Der zweite Aspekt, der mich sehr motiviert, ist das Lernpotential für mich persönlich. Ich bin praktisch Fintech-Quereinsteiger. Meine bisherige Berufserfahrung mit einer neuen Industrie zu verknüpfen, birgt für mich ein unglaublich steiles Wachstum. Das fühlt sich bisher super an.
Was würdest Du beruflich machen, wenn Du nicht in der Payment- und Banking-Industrie arbeiten würdest?
Ich würde ein Mental-Health-Business gründen.
Worauf bist du stolz?
Auf alles, was durch mich bisher entstanden ist – wo ich das Gefühl habe, dass meine Existenz einen positiven Impact auf meine Mitmenschen hat. Beispiele dafür sind: Eine Community mit 2000 Mitgliedern, die ich gegründet habe und aus der einige sehr erfolgreiche Kooperationen zwischen Startups und etablierten Unternehmen entstanden sind. Aktuell empfinde ich Stolz, wenn durch meinen Einfluss die Mitglieder in meinem Team noch motivierter sind und an ihren Herausforderungen wachsen.
Wieso gibt es nicht mehr Frauen in der Tech-Branche?
Ich bin überzeugt davon, dass gemischte Teams am besten performen. Die Dynamik ist egofreier und sachorientierter. Die Teammitglieder sind zufriedener und haben ein stärkeres Zusammengehörigkeitsgefühl. Daran haben Frauen dank oft höherer integrativer Fähigkeiten, in sonst sehr Männer dominierten Branchen, einen erheblichen Einfluss.

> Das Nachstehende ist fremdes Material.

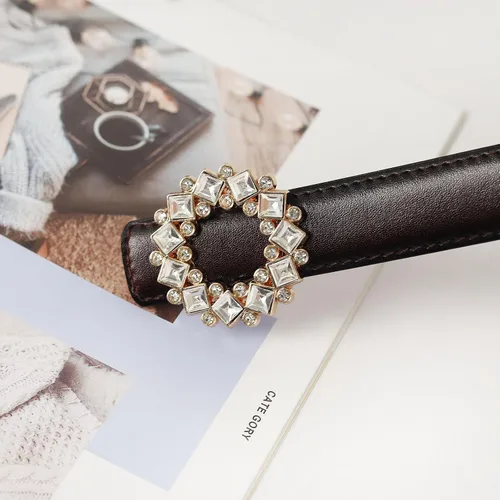 Miniatura 173 de Cinturón de cuero clásico con hebilla de metal para mujer con vestido de jeans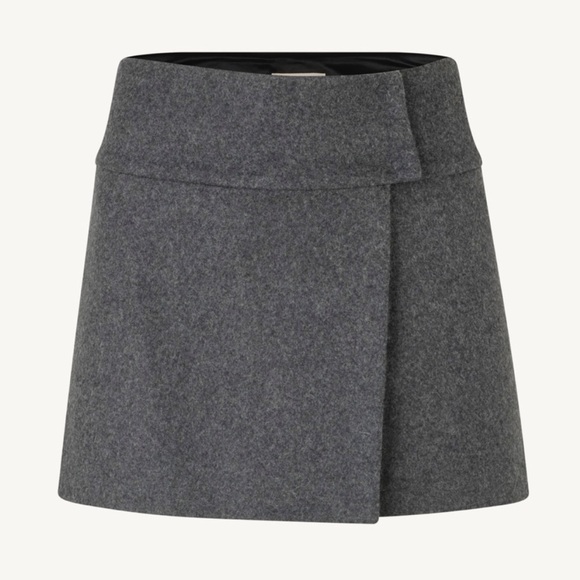 NWT The Garment Copenhagen Manhattan Mini Skirt - Picture 1 of 2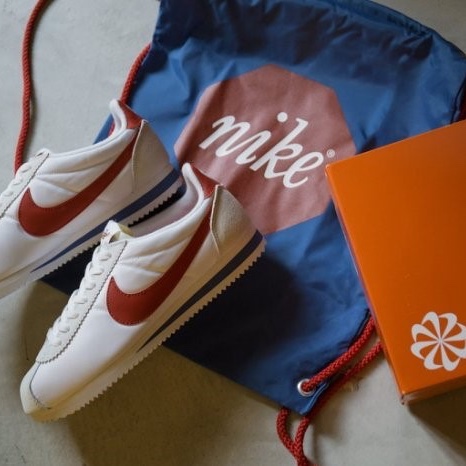 Nike Classic Cortez Nylon Premium Qs White Varsity Red 착용 스타일 - 2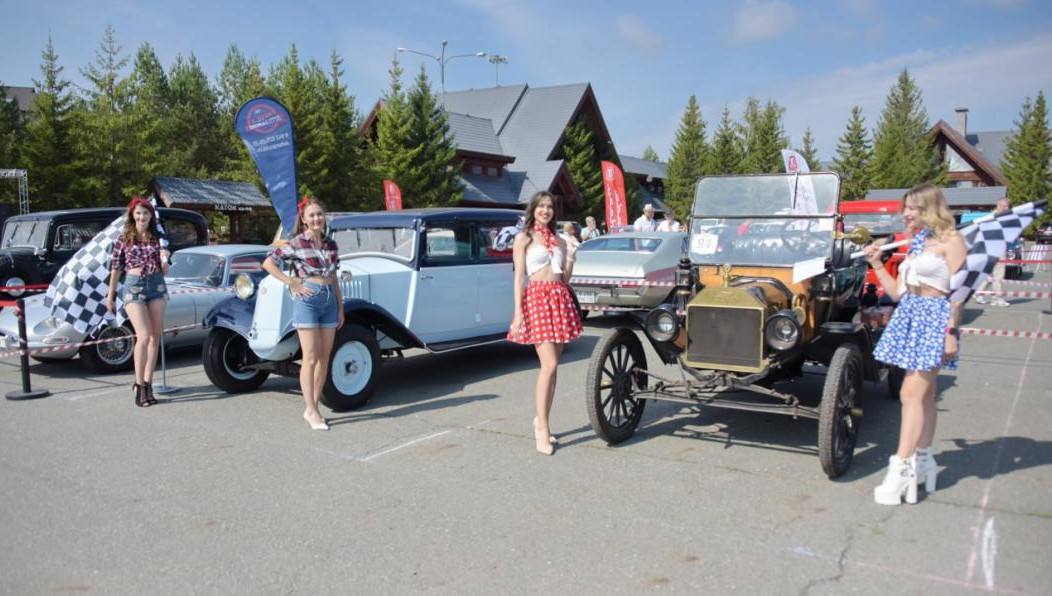 Самые крупные коллекции презентовали автолюбители из Высокой Горы и Казани.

Organisationen mit einem bestimmten Mangel wie z.B. ein unausgewogenes Geschlechterverhältnis, haben oft ein großes kulturelles Problem! Über die Ursachen, weshalb es weniger Frauen als Männer in der Tech-Branche gibt, kann ich nur mutmaßen. Ich glaube tatsächlich, dass das sehr stark mit gesellschaftlicher Prägung bereits in der Kindheit zusammenhängt. Daher halte ich die aktuelle Diskussion und Maßnahmen, wie Einführung von Frauenquoten und gendergerechte Sprache, für extrem wichtig. Kultur fängt erst an sich zu wandeln, wenn sich das Mindset der Menschen ändert. Der erste Schritt von Veränderung ist die Bewusstwerdung. Der zweite Schritt ist dann hoffentlich die Überzeugung, dass wir von einem kulturellen Wandel langfristig alle profitieren werden.

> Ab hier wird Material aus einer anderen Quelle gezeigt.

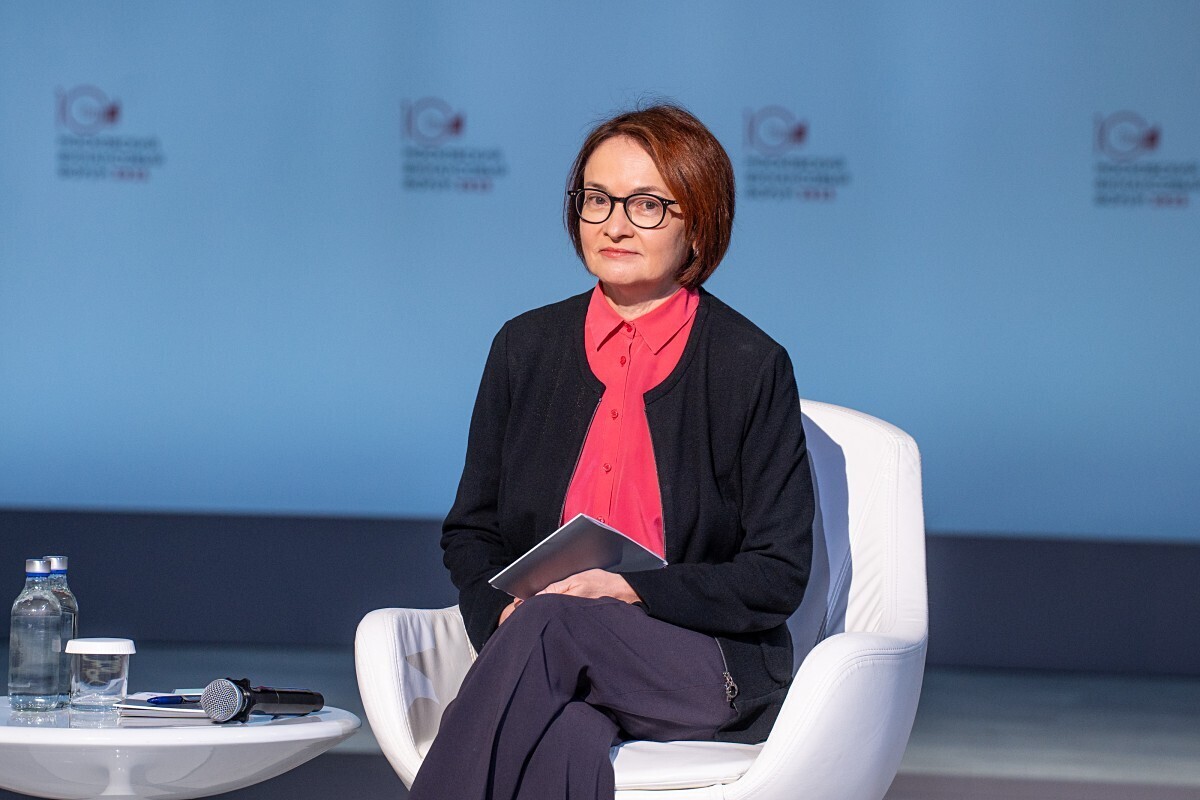 На МФФ обсудили вызовы и задачи финансовой системы.Как мастера иллюзий на МФФ учили нас жить в розовых очках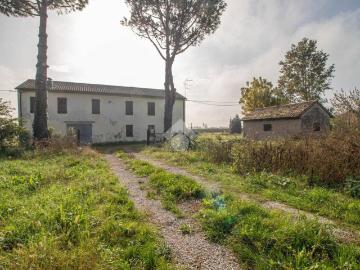 Villa in vendita a Ravenna RA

Bei welchem Unternehmen würdest Du gerne mal einen Tag arbeiten?
Gorillas – ich finde es absolut faszinierend, wie man es logistisch schaffen kann mir meinen Onlineeinkauf innerhalb von 10 Minuten an meine Haustür zu liefern. Ich versuch schon immer Gespräche mit den Lieferant:innen anzufangen, um mehr zu erfahren. Leider sind sie meistens sehr in Eile und nicht sehr gesprächig.
Mit wem würdest Du gerne ein Bier trinken?
Laszlo Bock, er war VP of People Operations bei Google und hat, soweit ich weiß, die Unternehmenskultur von Google erheblich mitgeprägt. Vor allem die Art und Weise, wie er vorgegangen ist, find ich superspannend – unvoreingenommen ausprobieren, was funktioniert und anpassen, was nicht funktioniert. Ich kann auch sein Buch sehr empfehlen: Work Rules! Ich glaube aus einem Gespräch mit ihm würden sich sehr spannende Impulse für mich ergeben.